Arthur Lubow, um excelente jornalista, num artigo que escreveu há mais de 10 anos para o The New York Times, comparando a “nueva nouvelle cuisine” dos espanhóis com a cozinha contemporânea francesa, aponta a superioridade da escola espanhola como fruto justamente da paixão culinária: enquanto os franceses se burocratizavam, se enredando em questões trabalhistas (jornada de trabalho), altos preços etc, os espanhóis, um bando de jovens alucinados, ao contrário, dizia Lubow, não conheciam limites de entrega ao ofício. E deu no que deu.

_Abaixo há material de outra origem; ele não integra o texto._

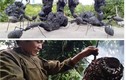 2 “dị nhân” Việt hốt bạc nhờ nghề lạ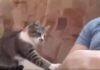 SNIMAK MAČORA IZ CRNE GORE POSTAO HIT U REGIONU (VIDEO) mačor-iz-crne-gore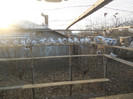 DSCN1259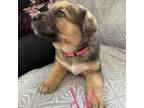 Adopt Lisa a German Shepherd Dog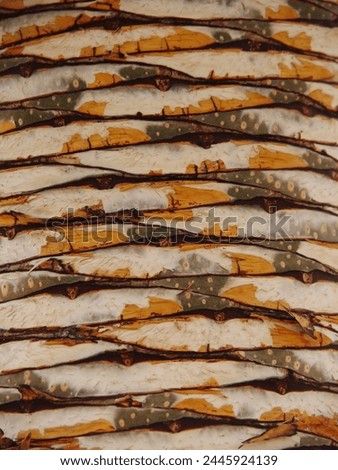 Closeup of dracaena draco tree bark  Royalty-Free Stock Photo #2445924139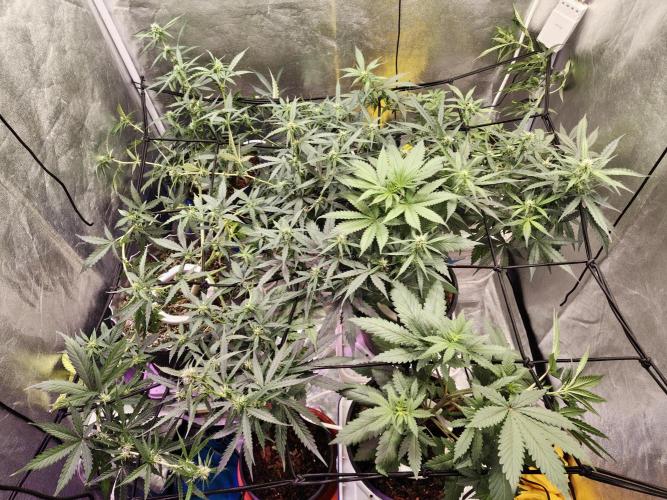 Jock Horror Auto. Week 7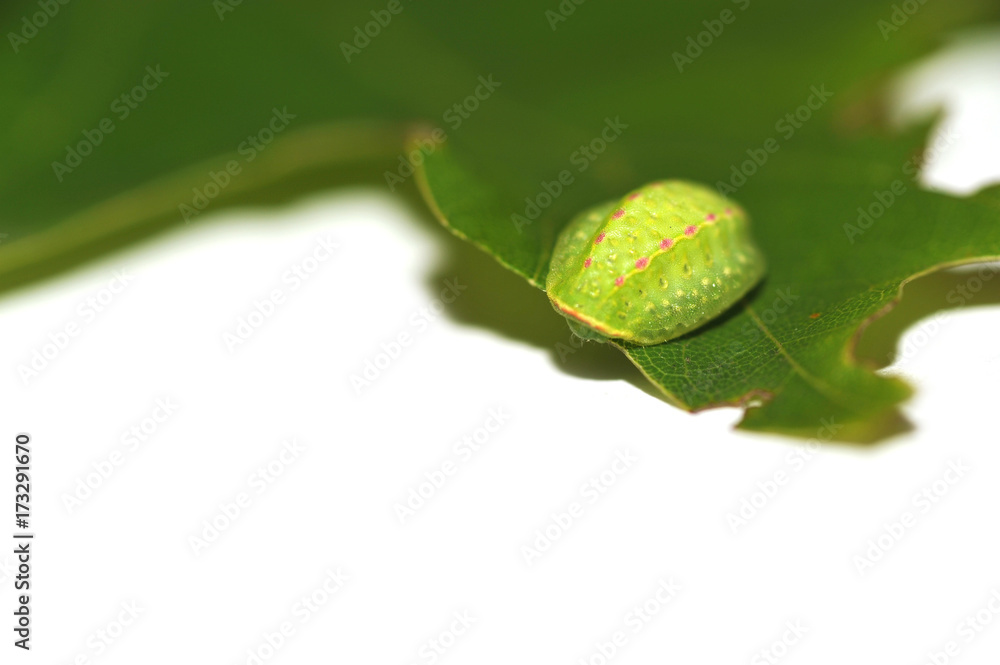 Fototapeta premium Green creature on the leaf isolated on white background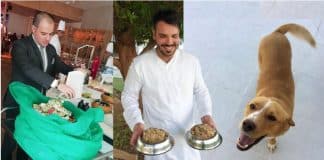 Hotel 5 Estrelas doa as sobras de comida para alimentar cães de abrigo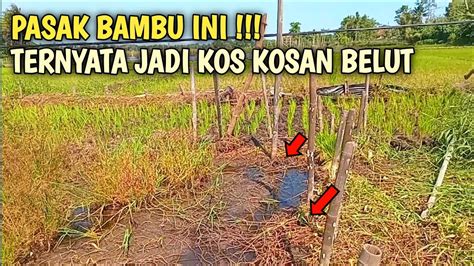 Sudah Aku Duga Pasak Bambu Ini Jadi Sarangnya Belut Seperti Kos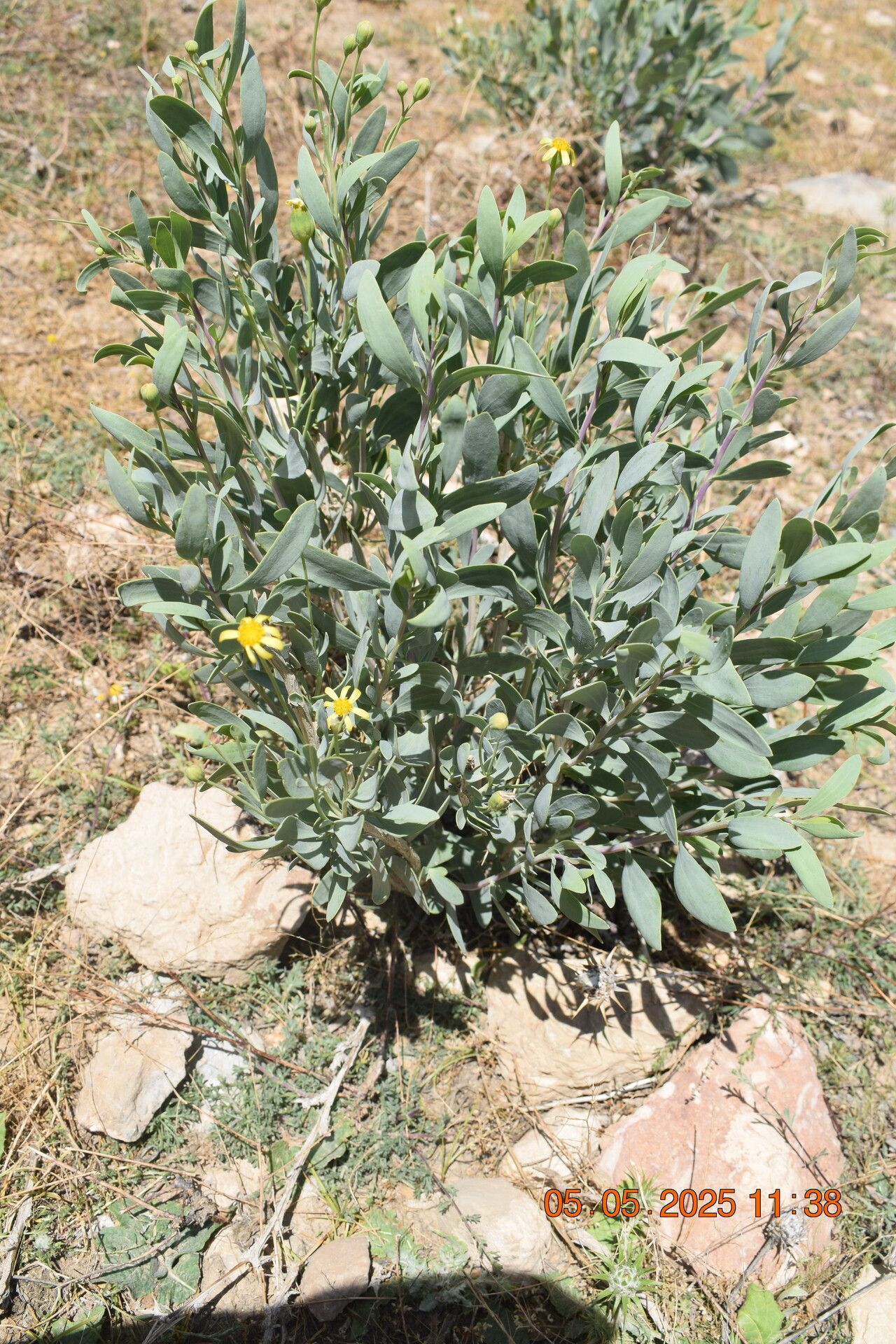 Hertia intermedia — related species from the same genus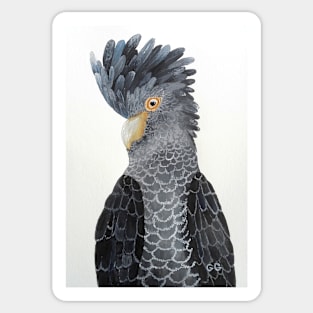 Black Cockatoo - bird art - painting Sticker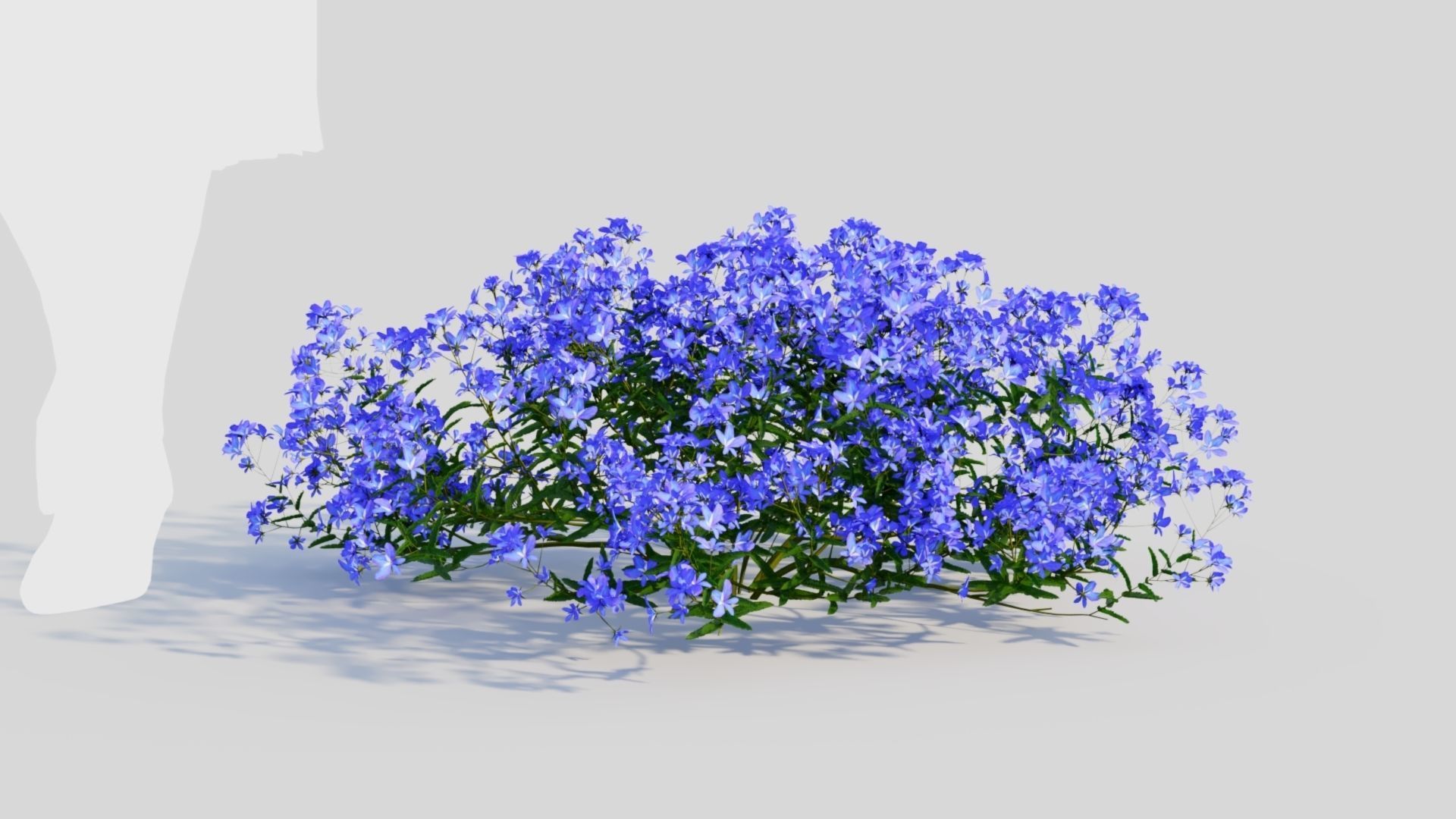 Lobelia erinus a 3D model_5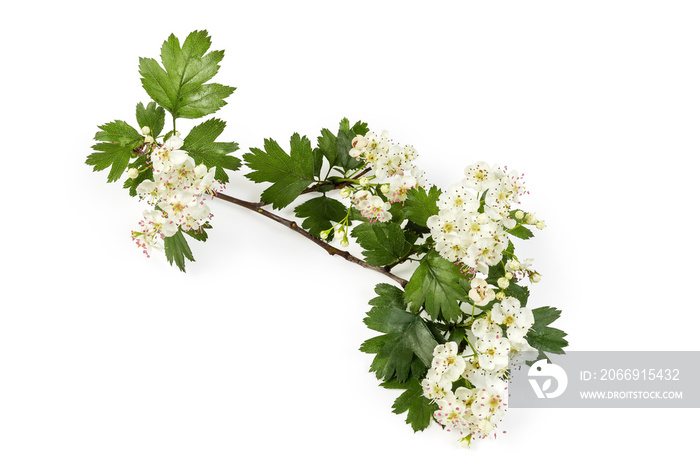 Small branch of the flowering hawthorn on white background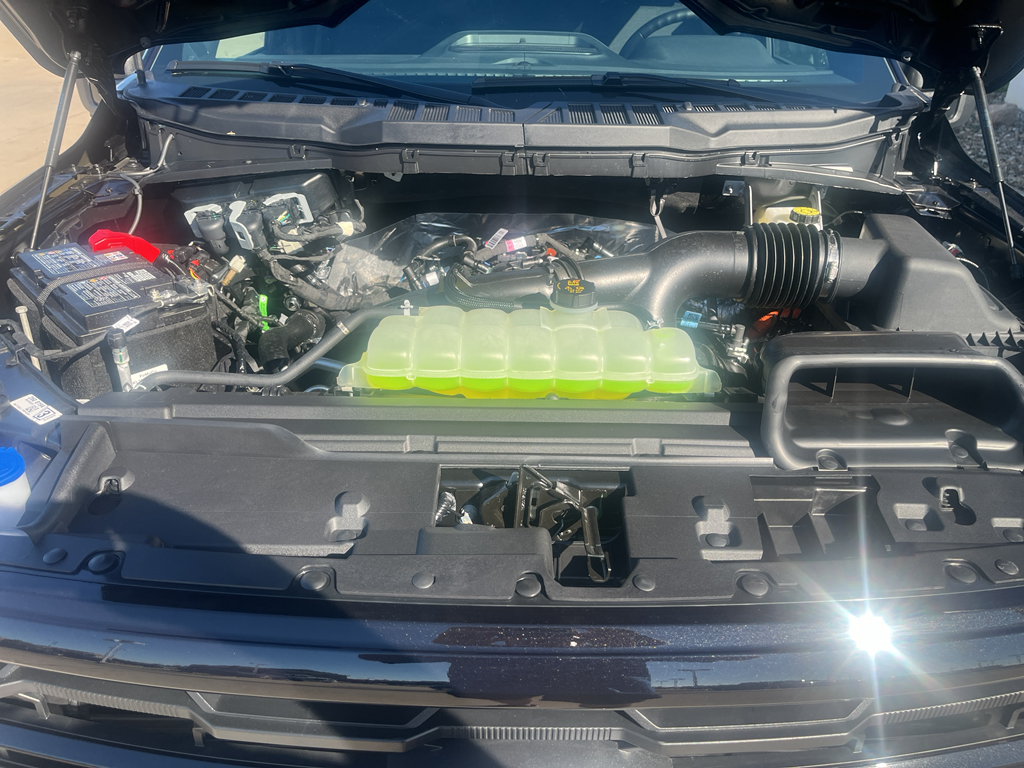 2025 Ford F-150 XLT photo 8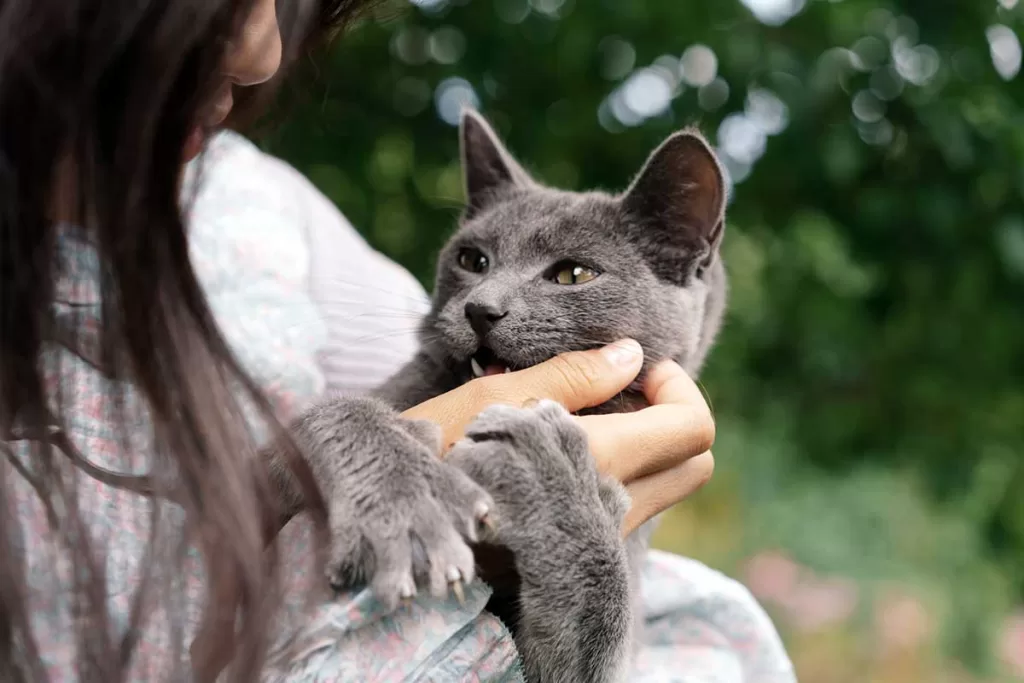 grey cat held by a woman in a white sweater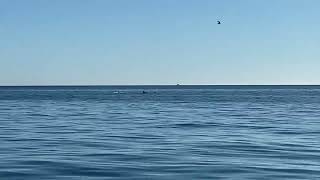 Delfini nel golfo di Manfredonia, l'avvistamento questa mattina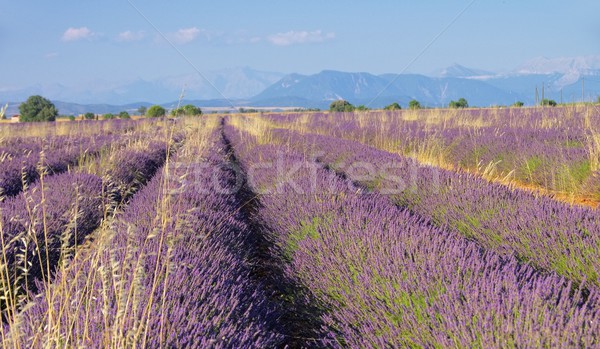 lavender field 94 Stock photo © LianeM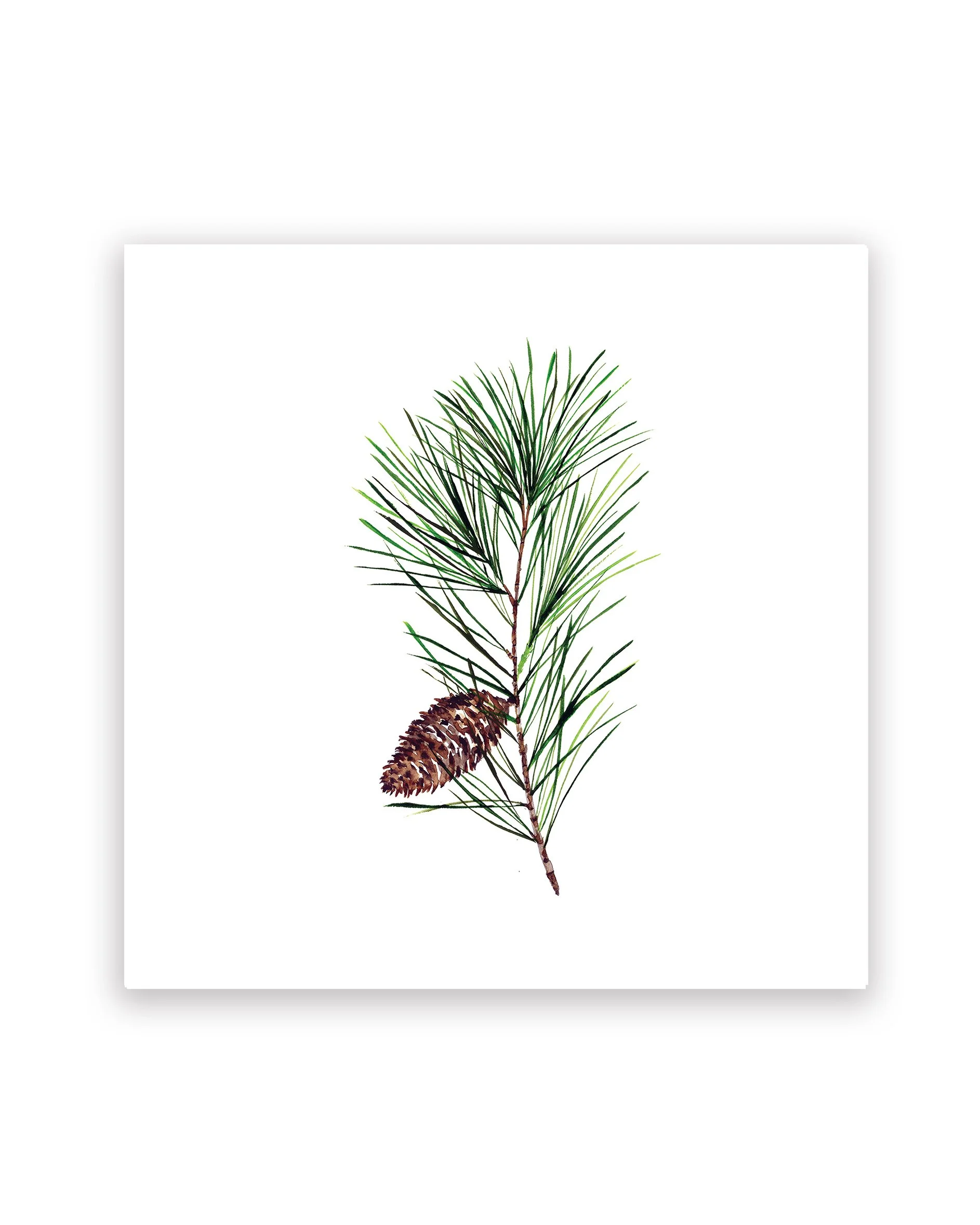 Pine Print 8x8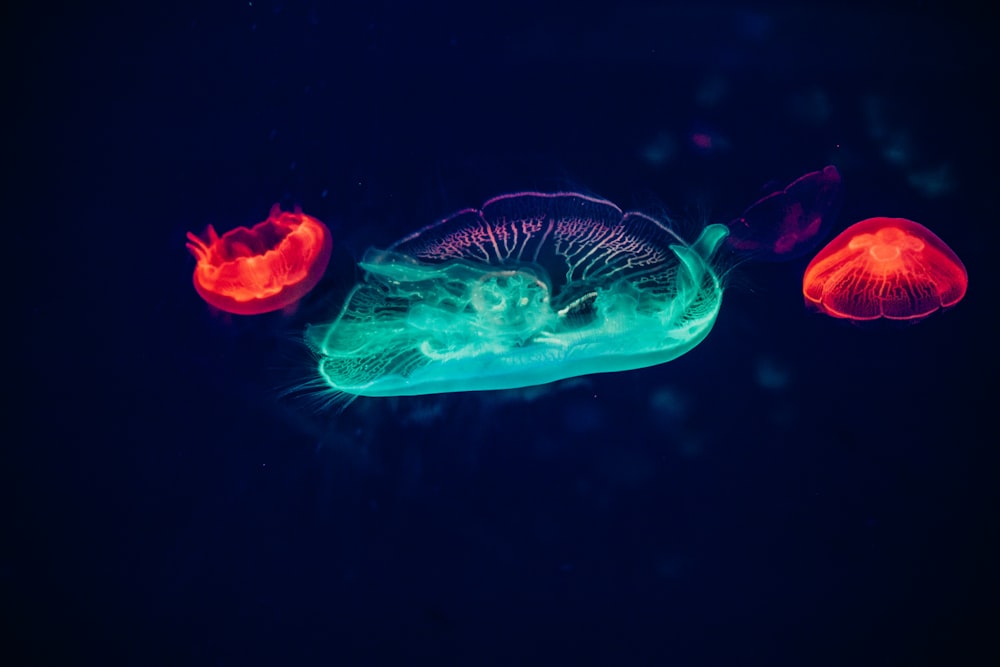 two red and one green neon jellyfishes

Qual a dedicação dos nossos novos cozinheiros à “nova cozinha brasileira”? Ela tem quanto de paixão e quanto de olho no mercado? Olhando isoladamente alguns chefes, é possível notar o impulso nas duas direções. Isso se equilibra como? E, como “geração”, qual a resultante? Coisa para se pensar.



4 comentários:

Unknown disse...

A servidão pela paixão de cozinhar é o que nos faz voar, é a entrega voluntária que nos traz contentamento e realização. A servidão que nos é imposta pelo "mercado", pela burocracia e pelos meandros fiscais e trabalhistas é o que nos oprime e faz sucumbir grande parte desses apaixonados.
Felizmente temos chefs e cozinheiros apaixonados o suficiente desbravando a "nova cozinha brasileira".
Mas o maior desafio deles talvez seja definir e dar a cara a essa cozinha brasileira.
Como já apontado em suas análises, o mais complicado é traduzir essa nossa indefinida, intrincada e multicultural identidade brasileira, também pluralista e regionalista.
Os franceses, os espanhóis, os japoneses, os peruanos, cada um consegue identificar uma paleta de ingredientes e sabores próprios, entranhados no cotidiano e na história e que os define.
A paixão de uma nova geração pode revolucionar o tradicional e fazer novas traduções e expressões dessa identidade cultural e gastronômica, enaltecendo-a por final.
Cabe a nós reconhecer os genuinamente apaixonados, apoiá-los e fazer parte dessa revolução.
E reconhecer a paixão não só de um grande chef, mas enxergá-la também nas manifestações mais humildes de uma autêntica culinária brasileira e nos produtores, artesãos e fornecedores que desafiam bravamente o "mercado" - artistas apaixonados que criam a paleta básica para que todos os demais artistas possam trabalhar.
Começar a pensar, como você sempre nos convida, é o que todos devemos fazer.

Breno Raigorodsky disse...

Coisa para se pensar. Gostei. Ocorre que o negócio da comida, após anos de experimento enquanto investimento, que remete à turma que começou a investir naquele Bora-Bora e um outro na Henique Schauman, que impulsionou tantos outros grupos de investidores, como o do Democrata, Astor etc. que se reuniu ao do Carcamano/Primo Basílico que deu em Bras... Enfim, com a faca de desossar nos dentes, nego propõe comida como negócio para os que têm a paixão, que vão até o altar sabendo que não podem sair muito da linha, arriscar além dos limites financeiros dados.

Quentin Geenen de Saint Maur disse...

Cher Carlos,

Me diga, os dois (paixão e mercado) não podem andar juntos?
Gastronomicalement,
Quentin

e-BocaLivre disse...

Meu caro, acho que há a paixão pelo mercado, mas esse é um assunto diferente não?